Time Series Measurement of Dimethylsulfide Dynamics at BATS

Funding: NSF
Collaborative Research: Time Series Measurement of Dimethylsulfide Dynamics at BATS
Grant number OCE-0424815.
P.I.'s and Collaborators: J. Dacey and D.Toole (WHOI);N .R. Bates (BIOS).


 
Contributing to understanding the Ocean DMS and the Sulphur Cycle in the North Atlantic Ocean
 
Project Overview:
 

Characterization and quantification of biosphere-climate interactions is critical to understanding and predicting climate change. The feedback between biosphere and climate is mediated to a significant degree by the dynamics of radiatively active, biogenic trace gases. Quantifying the dynamics and air-sea exchange of these gases is a major objective of the new I.G.B.P. (International Biosphere-Geosphere Program) program SOLAS, the Surface Ocean Lower Atmosphere Study. The biogenic production and subsequent ventilation of dimethyl sulfide (DMS) is climatically important as it has been postulated that DMS and its atmospheric oxidation products are part of a cloud albedo feedback mechanism which links global biosphere and climate. Progress in understanding biosphere-climate interactions is hampered largely because it is difficult to accurately constrain, parameterize, or validate models. There are simply not enough field observations collected in conjunction with the appropriate ancillary data to assess forcing factors in a mechanistic and predictive way. This project is designed to accomplish those goals. The study will reinitiate and expand a DMS time-series conducted in the early 1990's in the Sargasso Sea, part of the oligotrophic North Atlantic subtropical gyre. The previous time series (Dacey et al., 1998) is the only long-term time series for DMS in the deep ocean.

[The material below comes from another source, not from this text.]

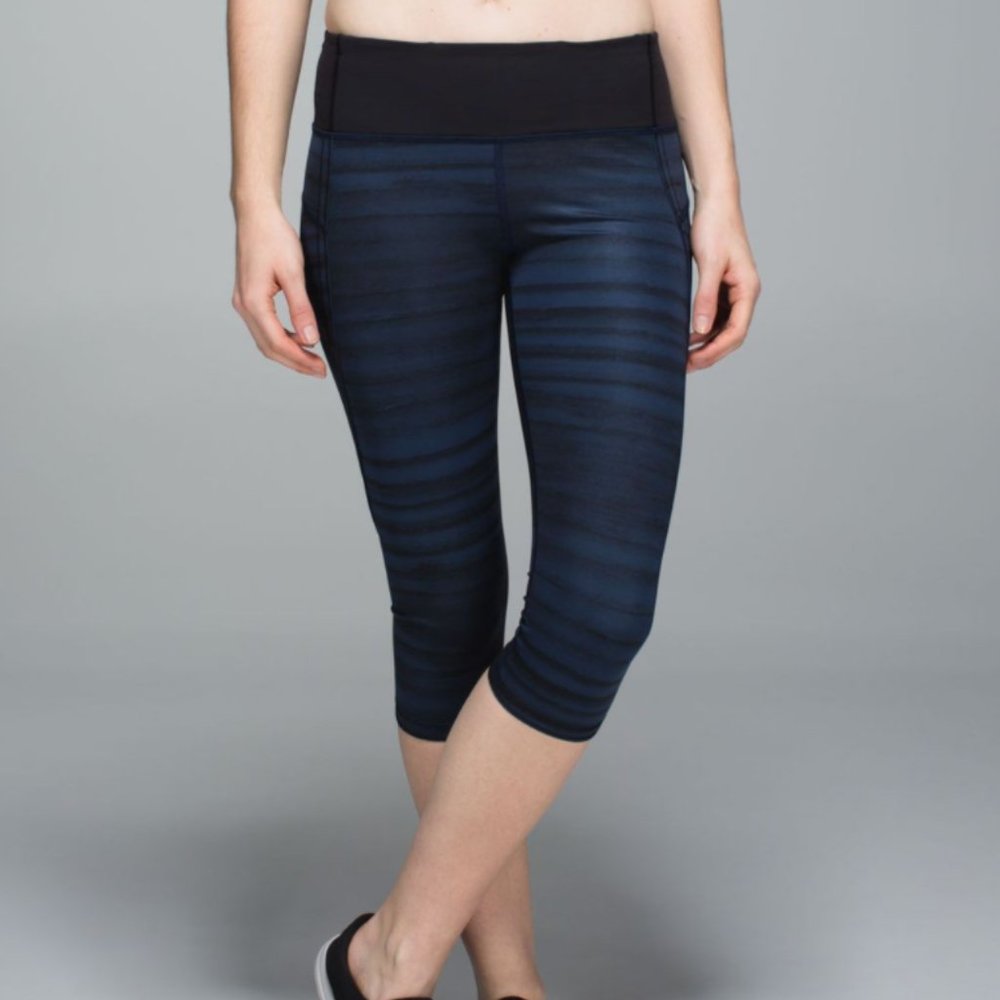 Lululemon Top Speed Crop (Good Vibes Deep Navy Black/Black) - Size 8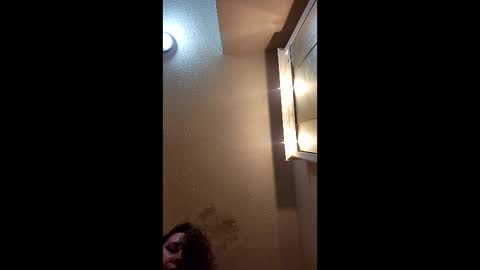 Snapshot of alabasterbunny chatting on April 16, 2026, 4:46 am alabasterbunny online show from April 16, 2026, 4:46 am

This new project will generate a robust new time-series data set of DMS dynamics that includes critical pool and rate measurements vital to assess not only the long-term variability of the DMS pool (and major associated compounds) but also the short-term dynamics of DMS and dimethylsulfoniopropionate (DMSP - the main precursor of DMS in ocean water) that underlie this long-term variability. By revisiting the same oceanic gyre, this new study will represent the first long term comparison of DMS and DMSP concentrations anywhere in deep ocean. The measurements made in the first study will be repeated now, more than a decade later, in addition to a broader suite of measurements to address new hypotheses measurements made in the first study to address new hypotheses about the factors controlling DMS dynamics. Monthly and process measurements will include key turnover dynamics of DMS and dissolved DMSP in surface waters using new 35S tracer methods, aqueous DMSO concentrations, and diel variations in atmospheric DMS during the BATS cruises. This comprehensive timeseries and process sampling scheme will allow us to mechanistically describe the controls on key DMS, DMSP, and DMSO turnover rates and will serve as a unique validation data set for past and future modeling efforts.